西洋から東洋へ機械式時計が伝わった時の受け入れ方の違いも面白い。中国では富裕者の高級玩具として蒐集ブームがあり、西洋以上に華美な時計がもてはやされた。一方日本では、(当時は不定時法時代)実用性の乏しい西洋の定時法用の時計にほとんど興味が持たれず、逆に不定時法で使える世界でも類を見ない和時計が作られる。昨年北京の故宮博物院で、まさにそういう時計たちを見てきただけに腑に落ちた。

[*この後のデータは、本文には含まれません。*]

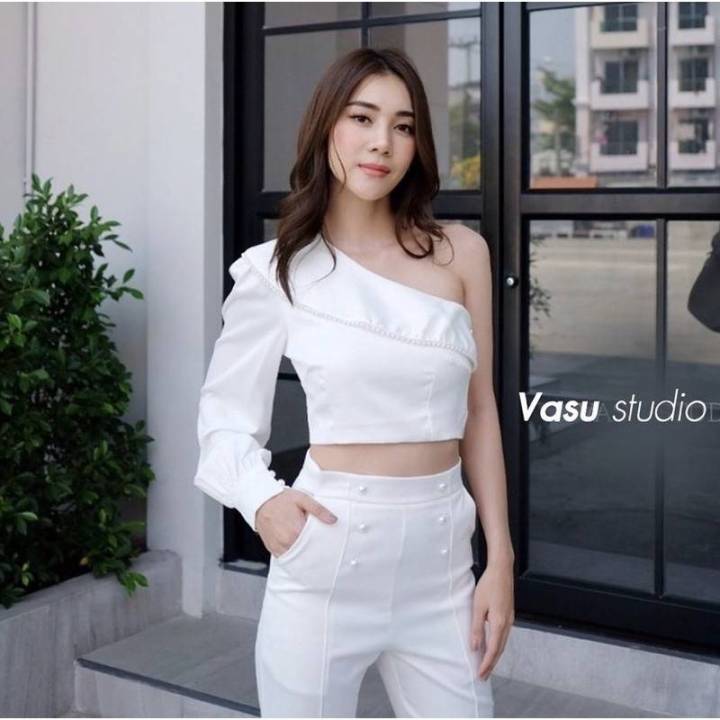 setเสื้อกางเกง-อก36-งานป้าย-vasu-studio-ชุดไปคาเฟ่-ชุดเซ็ทผู้หญิง-ชุดเซทกางเกงขายาว-กางเกงผู้หญิง-เสื้อไหล่เฉียง-เสื้อไหล่เดียว-เสื้อไหล่ปาด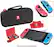 The image features a black Nintendo Switch carrying case. The case is designed to hold the Switch console and its accessories, providing a convenient way to transport the gaming system. The case is made of durable material and has a zippered closure to keep the contents secure. The Nintendo Switch logo is prominently displayed on the case, making it easy to identify the product.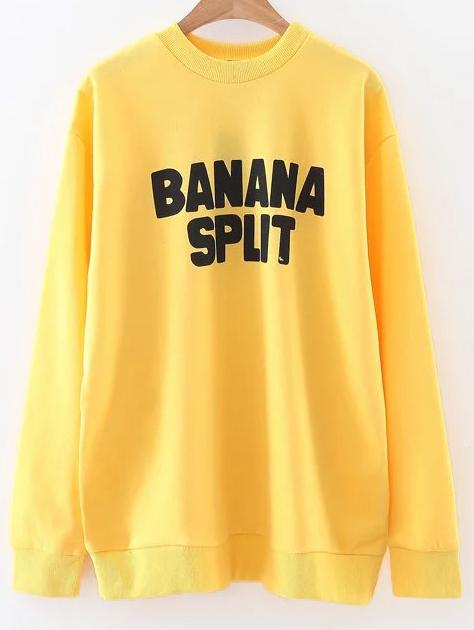 Romwe Yellow Letter Print Crew Neck Sweatshirt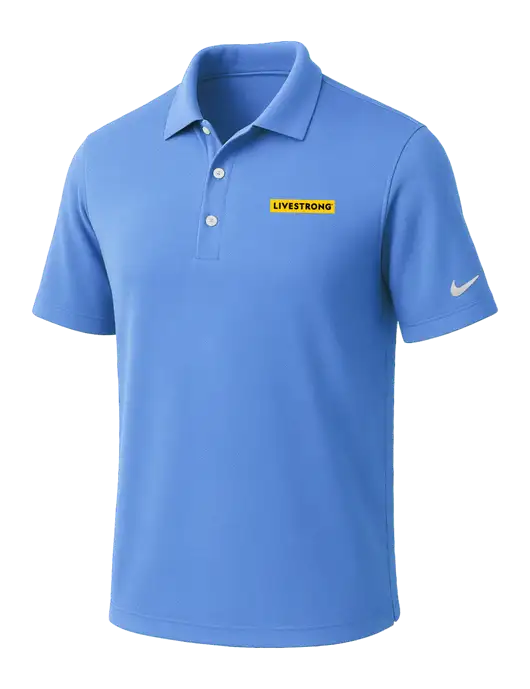 NIKE Carolina Blue Dri-Fit Micro Pique Polo w/LIVESTRONG Logo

もう1点、面白かったところを上げると、1964年のデータ(まだクォーツ腕時計はない)で、スイスの時計出荷数は日本の倍以上。ところが売上高は日本の方が上。本当だったのだろうか? スイスよりも日本の方が高級時計を作っていたということか?
こういうデータも実に興味深い。
1978年の米BusinessWeek誌、特集「SEIKO'S SMASH」
少し気になったのは、書かれた時期が機械式時計の復興前だからか、機械式時計の時代は終わった風で終わってしまっていること。ここは復刻版はどう書かれているのか、そのままなのか気になるところ。もうひとつは、ちょっと調べてみないとわからないが、事実なの?と思える点がいくつかあったこと。調べないで書きたくないが、鍵巻き時計を鍵なしにするのに精度が落ちる?っていうのは何を言いたいのだろう? ゼンマイの巻き方の違いだけだから、精度が落ちる理由はないと思うのだが、、、などだ。
読むのは少ししんどかったが、内容的には価値のある本だと思う。